So you want to become a developer
I promise I don’t want to talk about me. I’ve done it enough in my life and there’s nothing interesting for you if I go that route with this blog. I know it, you know it, everybody knows it.
But this isn’t a post about me. This blog isn’t about me either. It’s about what I’ve been doing in the last year.
A little over a year ago, around Valentine’s Day, I went back to coding. Back in 2023 I’d completed a fullstack web bootcamp, nothing’d stuck with me, yadda yadda yadda.
But I had invested a pinch of my time into understanding what the f*ck a closure was (not sure this thing particularly paid off). How conditionals opened a door while keeping others closed. Why I should bother to iterate through an array of values and so on. And the worst part is that nothing of that investment had returned me a single minute of joy. It’d all been one frustration after another.
Granted, back in those days I wasn’t paying too much attention. My focus was elsewhere. Weed and games. Beers and friends. Anything but what was in front of me. You name it. In February 2024, when I returned to coding, I decided to change that. No more distractions.
A year and a month after that, I couldn’t be happier.
Don’t get me wrong, there’s still A LOT of frustration. I bang my head against the wall more often than not. Xcode error messages sound like Sumerian to me. I tend to overlook basic things that make my code crash. The main differences now are that I kinda accept these moments as part of the process. And since I’ve been paying more attention to what I’ve been reading, watching and writing (in code), due to the force of habit (and not to any particular talent or intelligence of mine) I find it easier than before to find a solution.
Actually, no, that’s not true.
What I find easier is to deal with my feelings of frustration while I look for a solution. And thanks to having a better understanding of the code and how things are supposed to work, I start playing around until the solution presents itself.
Maybe this is the part of coding that I would’ve appreciated I had been told when I was entering this world. Everybody talks about how important it is to practice every day (IT IS!). Or how there are highs and lows (THERE ARE!). But nobody told me (or perhaps it flew right above my head) that I’d have to learn to live with frustration. That it’s OK not to find a solution to a problem in this very moment. Go to sleep, take a shower in the morning and look at that issue with fresh eyes. Don’t feel stupid if you can’t solve it. Don’t feel like a god if you solve it. Think about it, but don’t get obsessed with it.
Maybe nobody told me because that was also part of the process.
I don’t mean to sound cocky, but I know for a fact that now I’m a better developer than I was six months ago. Not because I have more knowledge and I’ve published two apps, but because the more time I spend writing code and thinking about it, the more comfortable I feel with everything I ignore about it.

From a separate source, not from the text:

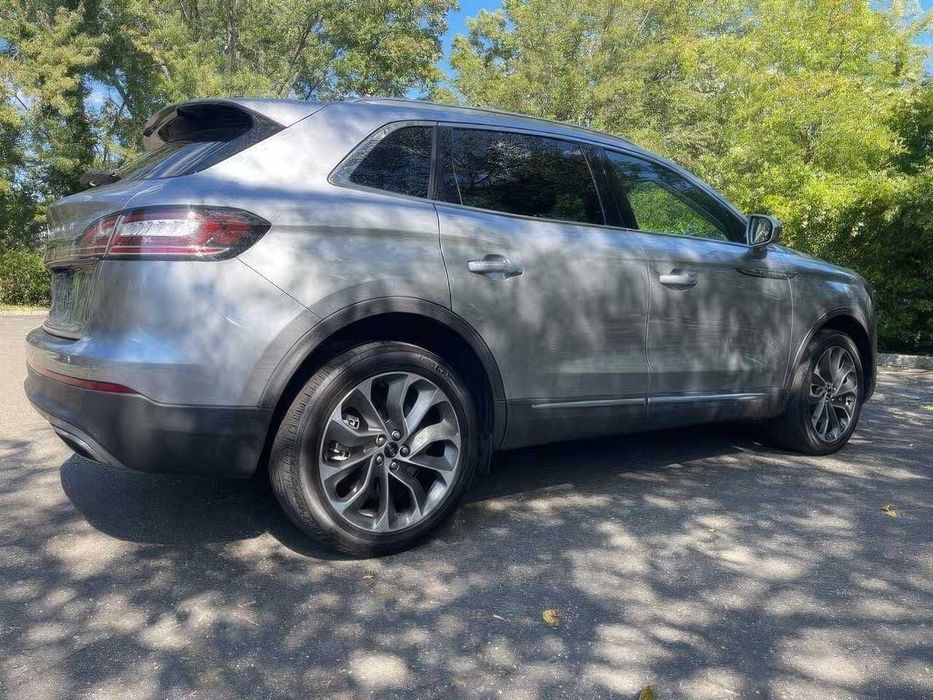 Lincoln Nautilus Reserve      2022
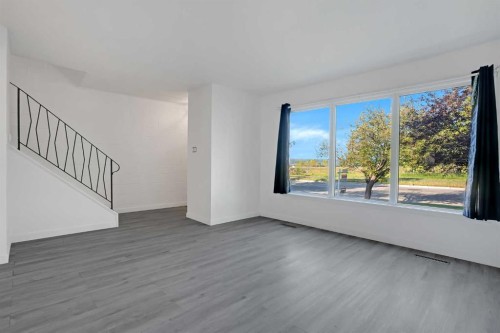 6014 37 Street Sw, Calgary, AB - Indoor Photo Showing Other Room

I think this is a pretty good place to stop writing. I don’t think this blog is gonna go anywhere in terms of audience and I don’t really care about it, but that won’t make me stop from trying to produce some kind of quality content in case anyone runs into it.
Also, I’m working on a new app at the moment. It has no name, but I’ve made a lot of progress in under two weeks, which makes me kinda proud.
It’s also made me sweat and want to bang my head against the wall, but that’s a story I might or might not tell when I launch the app.